Thursday, June 17, 2010
As previously announced, AOL Inc. (the “Company”) has been exploring strategic alternatives for its Bebo, Inc. (“Bebo”) subsidiary including a sale or possible shutdown. The Company has completed this process and is today announcing the sale of substantially all the assets of Bebo to an affiliate of Criterion Capital Partners, LLC.

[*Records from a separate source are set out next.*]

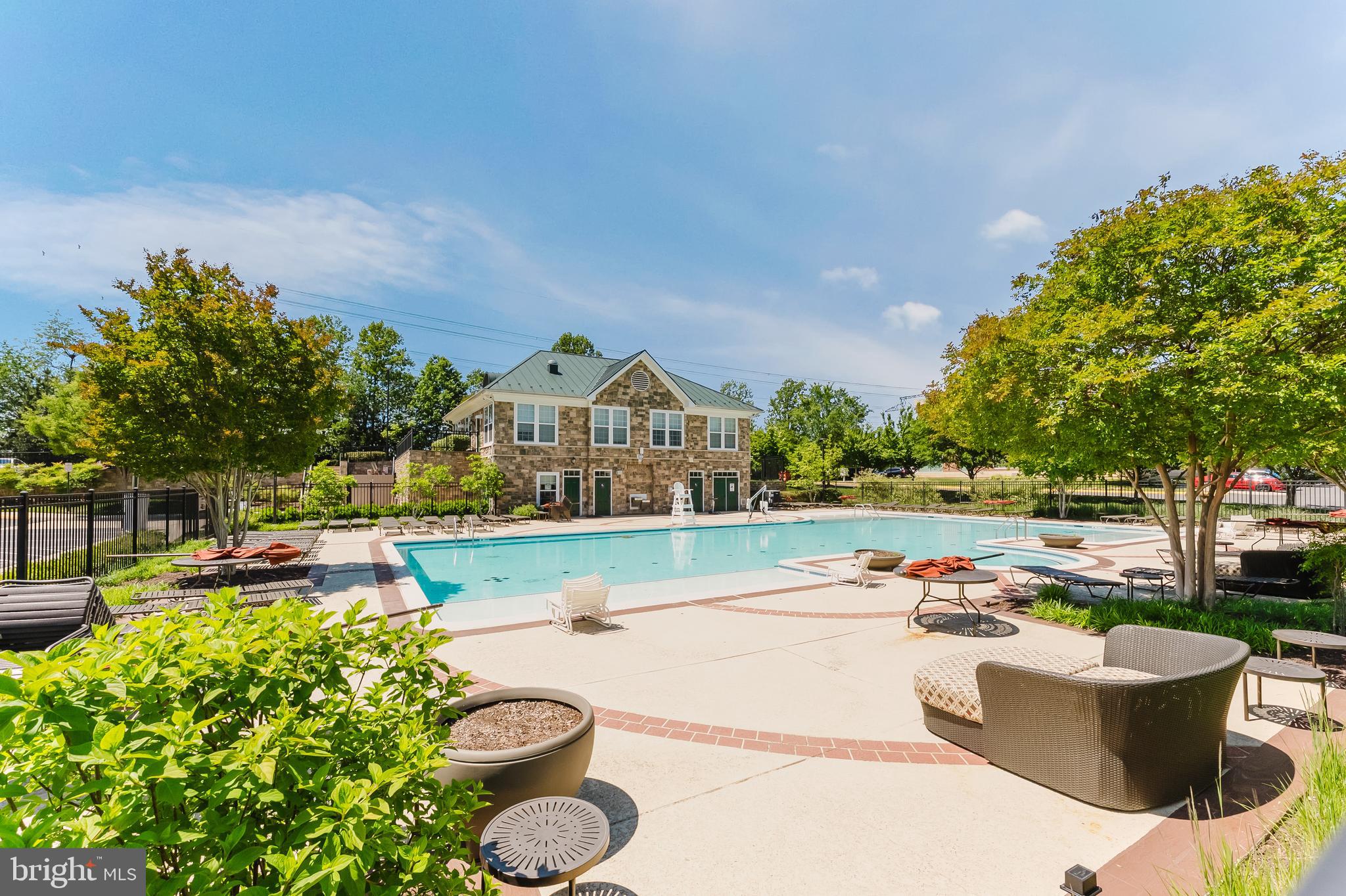 24588 BYRNE MEADOW SQUARE 302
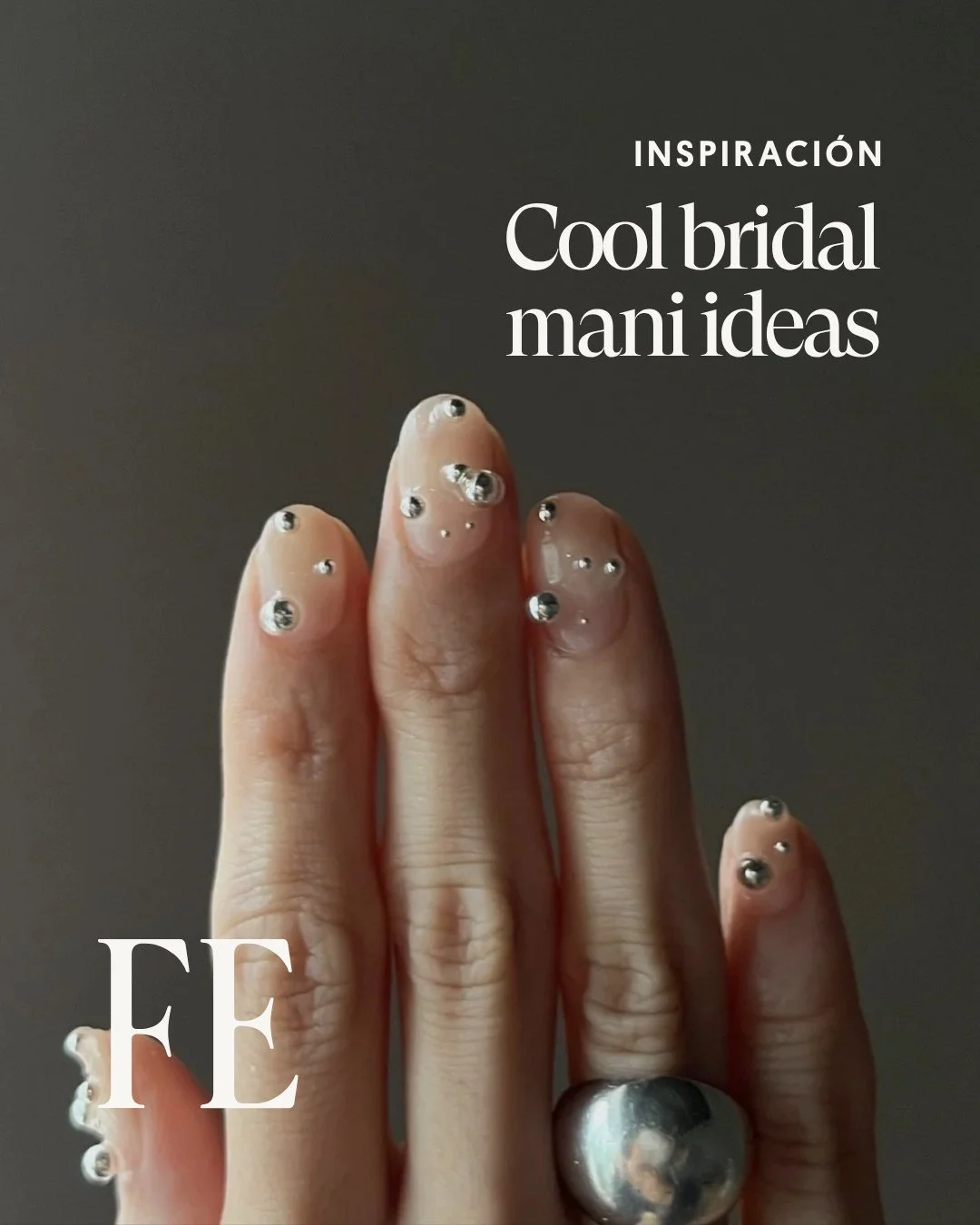 &iexcl;Atenci&oacute;n brides to be! 💍 El d&iacute;a de tu boda es un lienzo para expresar tu estilo &uacute;nico, &iexcl;y eso incluye tus u&ntilde;as! Desde cl&aacute;sicos elegantes hasta dise&ntilde;os modernos y atrevidos, hemos recopilado la m
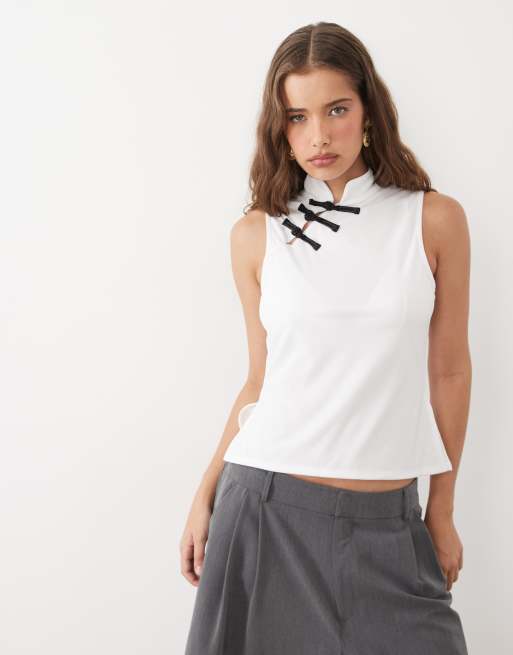 ASOS DESIGN top con maniche a cappuccio e colletto alla coreana color crema con lacci neri, 2 di 4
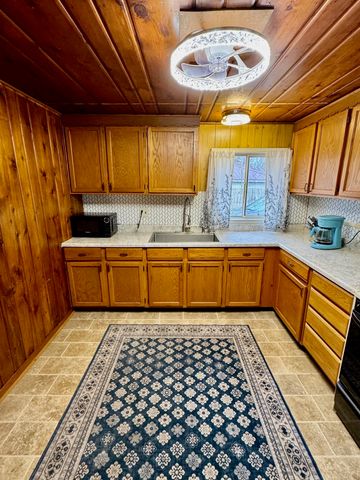 1268 N Clare Avenue, Harrison, MI 48625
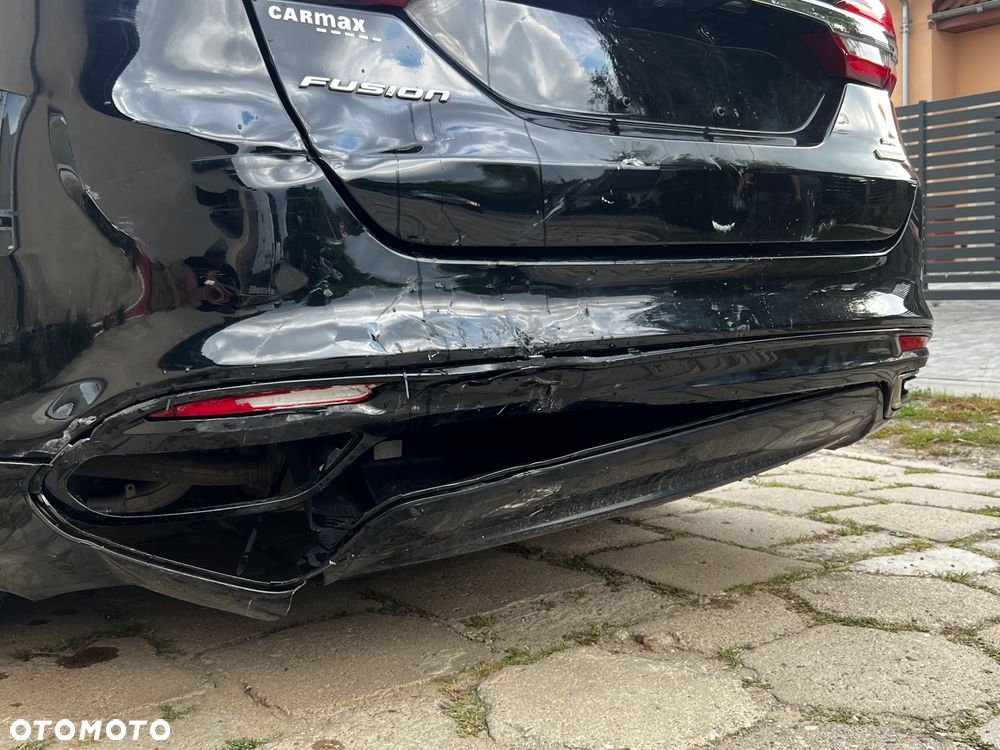 Ford Fusion 2.0 EcoBoost Titanium - 11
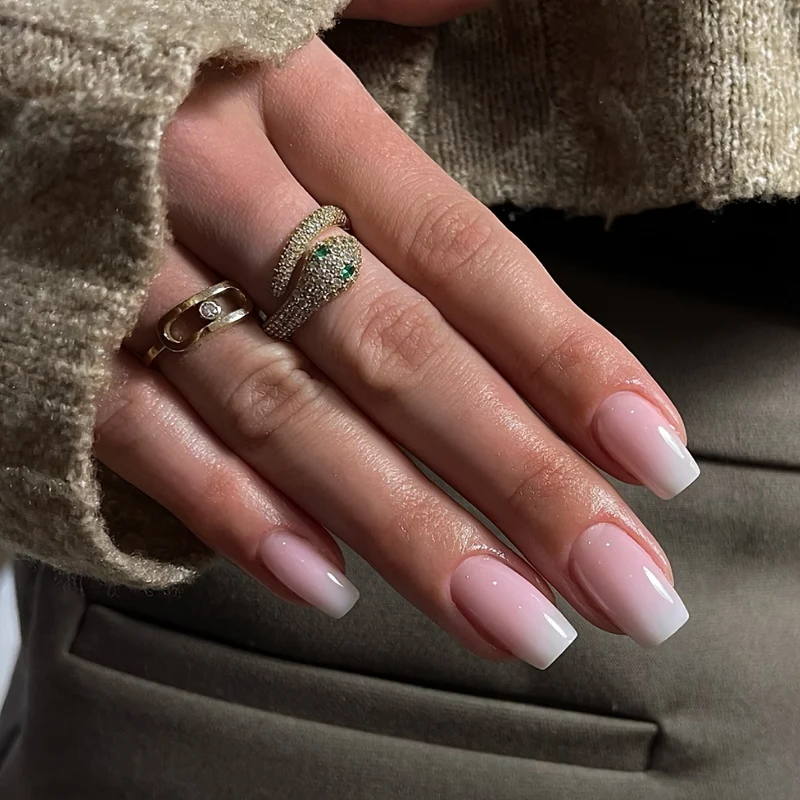 Glitzerndes Ombre Nagelset Karnz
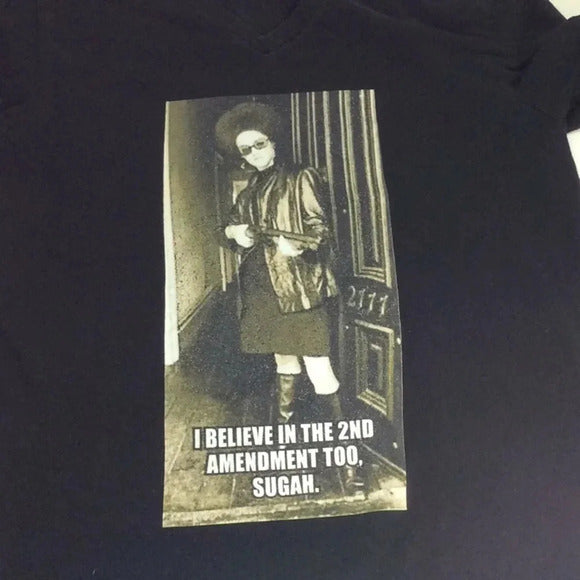 Angela Davis “I Believe In The 2nd Amendment Too, Sugah” Graphic Tee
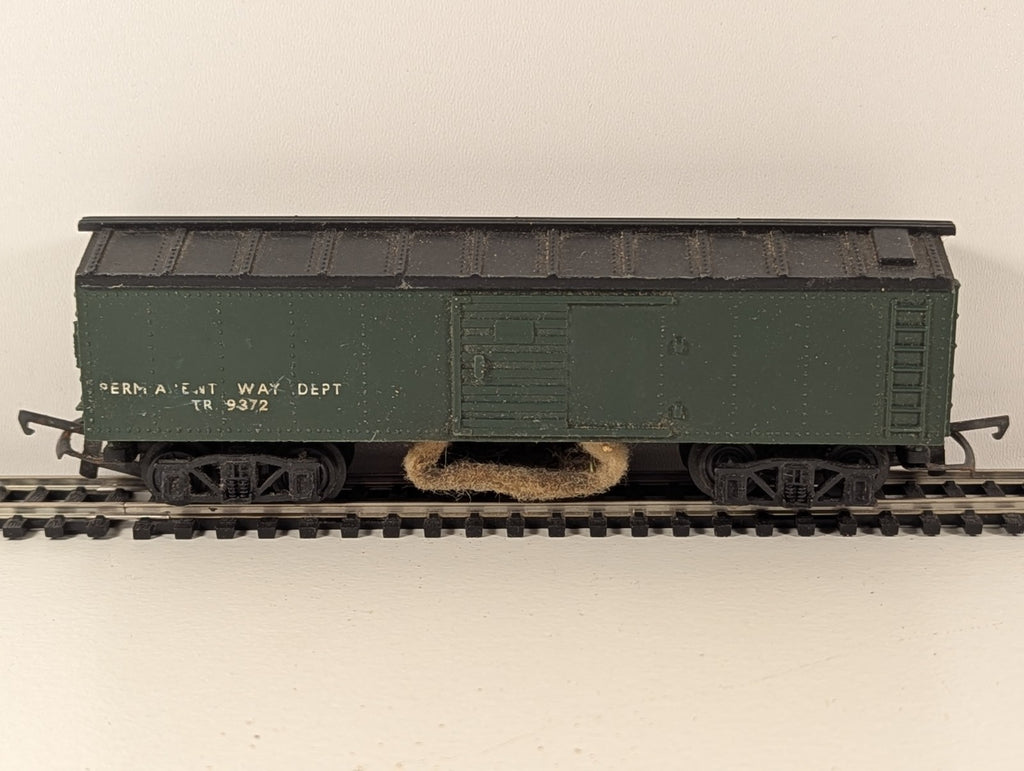 Tri-ang Permanent Way Department TR9372 Track Cleaner Box Carriage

The Company currently anticipates that following this transaction it will treat the common stock of Bebo as worthless for U.S. income tax purposes. The Company’s current U.S. income tax basis in Bebo is approximately $750 million. As a result of the anticipated worthless stock deduction for the common stock of Bebo under U.S. income tax law, the Company expects to record a deferred tax asset and corresponding benefit to its U.S. income tax provision in the second quarter of 2010 in a range of $275 million to $325 million. The Company’s tax conclusion with respect to the common stock of Bebo is subject to examination by the U.S. Internal Revenue Service. Additionally, given the recent volatility in the Company’s stock price and disposition activity, the Company will be required under generally accepted accounting principles to test the goodwill of its sole reporting unit for impairment in the second quarter of 2010.
AOL/TimeWarner acquired Bebo for $852 million in March 2008. As part of the recent spin-off, AOL was holding Bebo on its books for the full value Now, it's written it down to zero. Ouch.
Although AOL hasn't disclosed the sale price, Bloomberg reports that AOL got only $10 million for Bebo.